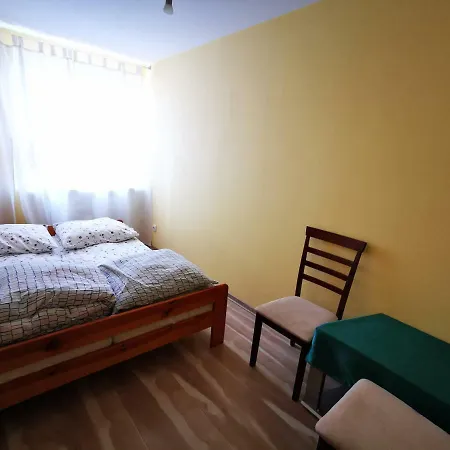Morze 250 M, Centrum 250m, Parking Колобжег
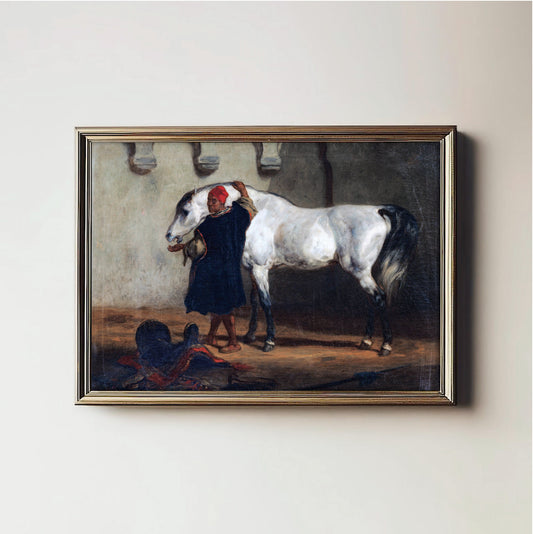 Equine Companionship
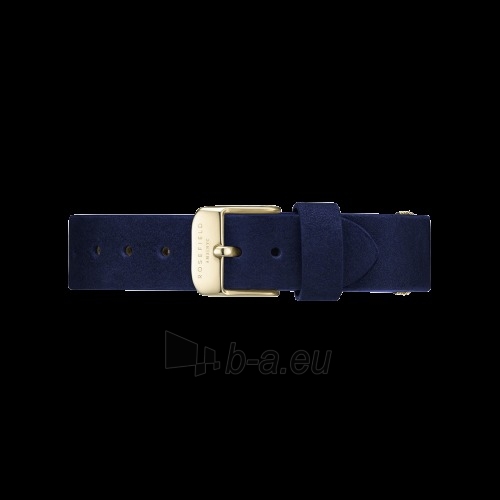 Women's watches Rosefield The West Village Blue Gold paveikslėlis 4 iš 4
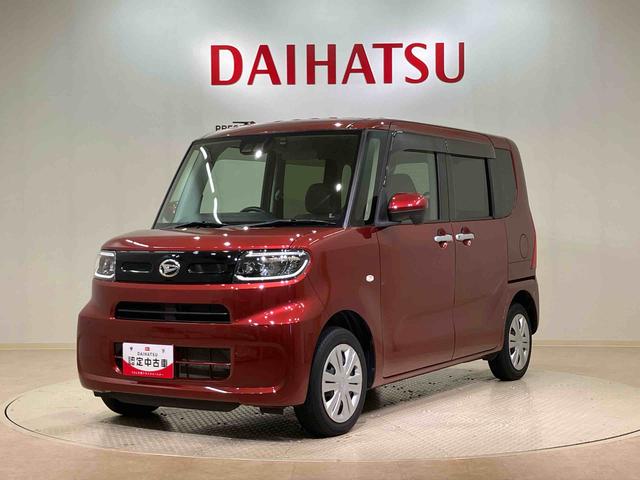 タントX(北海道)の中古車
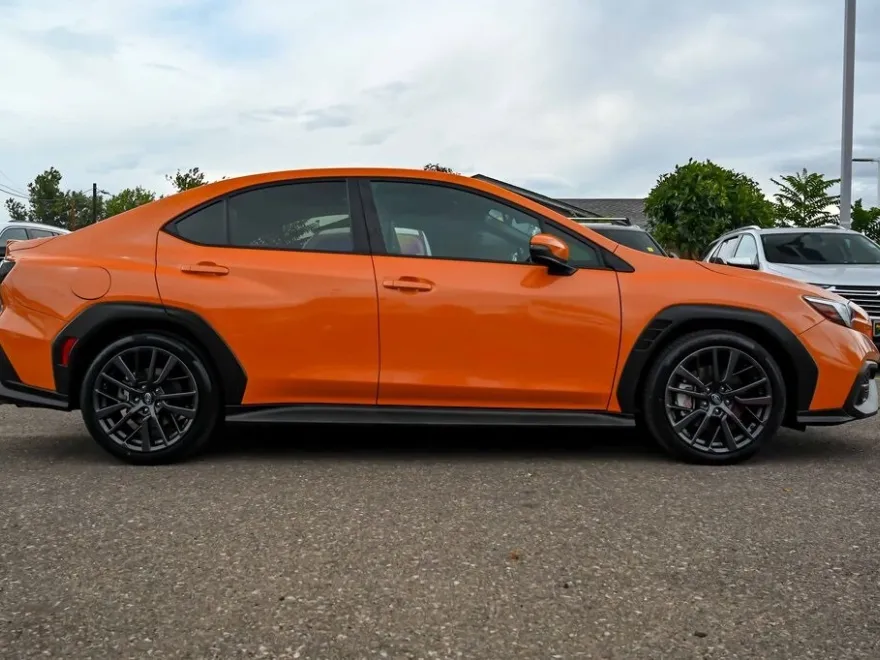 2022 Subaru WRX Limited photo 1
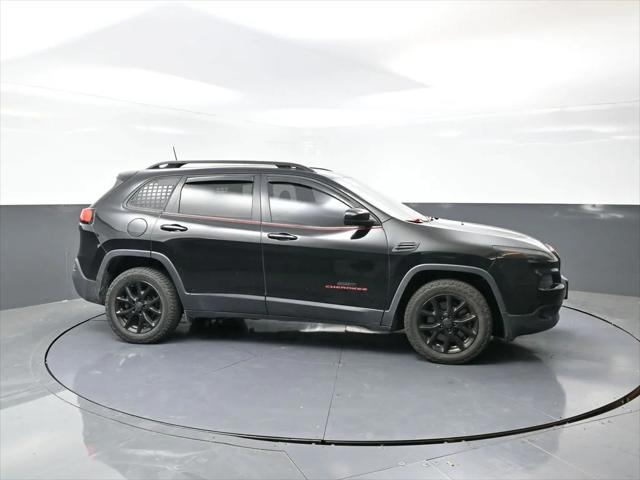 2018 Jeep Cherokee Latitude FWD 2018 Jeep Cherokee Latitude FWD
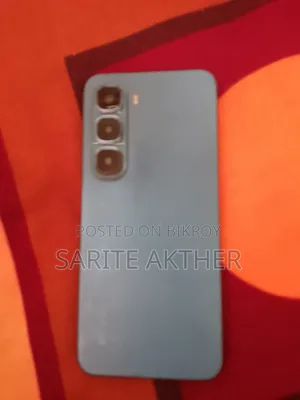 Infinix Hot 60i 128 GB Blue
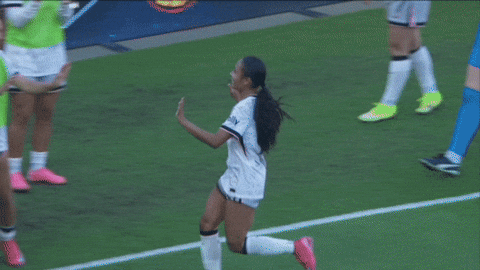 2025 GIF by National Women's Soccer League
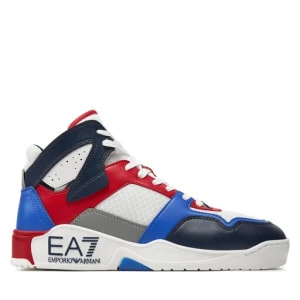 Zdjęcie produktu Sneakersy EA7 Emporio Armani X8Z039 XK331 T600 Blk I+Sal+Bal+Wht+Gr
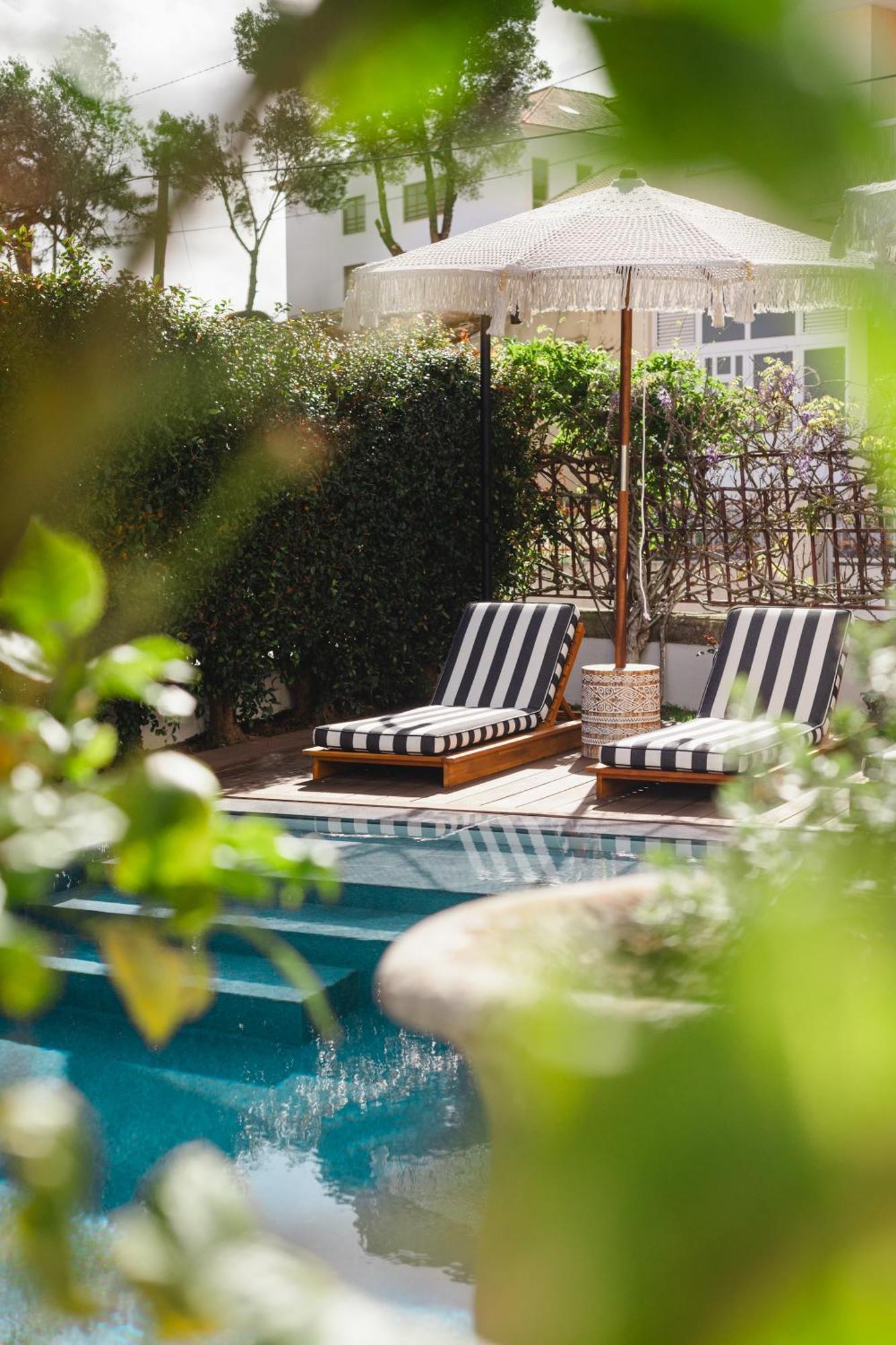 The Salty Pelican Beach Retreat Estoril Eksteriør bilde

┄┄┄┄┄┄┄┄┄┄

* [EXERCISE INSTRUCTIONS] Give an exact copy of the line containing "タントX(北海道)の中古車" and every line after it through the end of the entries. Pictures are to be dropped.

* [SOLUTION FOR THIS EXERCISE]
 タントX(北海道)の中古車
 2022 Subaru WRX Limited photo 1
 2018 Jeep Cherokee Latitude FWD 2018 Jeep Cherokee Latitude FWD
 Infinix Hot 60i 128 GB Blue
 2025 GIF by National Women's Soccer League
 Zdjęcie produktu Sneakersy EA7 Emporio Armani X8Z039 XK331 T600 Blk I+Sal+Bal+Wht+Gr
 The Salty Pelican Beach Retreat Estoril Eksteriør bilde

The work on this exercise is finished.